Available data:

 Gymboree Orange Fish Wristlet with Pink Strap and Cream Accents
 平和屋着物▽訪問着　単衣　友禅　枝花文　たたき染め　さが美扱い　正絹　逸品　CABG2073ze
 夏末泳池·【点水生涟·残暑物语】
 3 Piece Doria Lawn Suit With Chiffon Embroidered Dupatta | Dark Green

What is being asked: Would you repeat the lines from the one containing "夏末泳池·【点水生涟·残暑物语】" through the end of the data, exactly, with nothing before or after them?

Result below:
 夏末泳池·【点水生涟·残暑物语】
 3 Piece Doria Lawn Suit With Chiffon Embroidered Dupatta | Dark Green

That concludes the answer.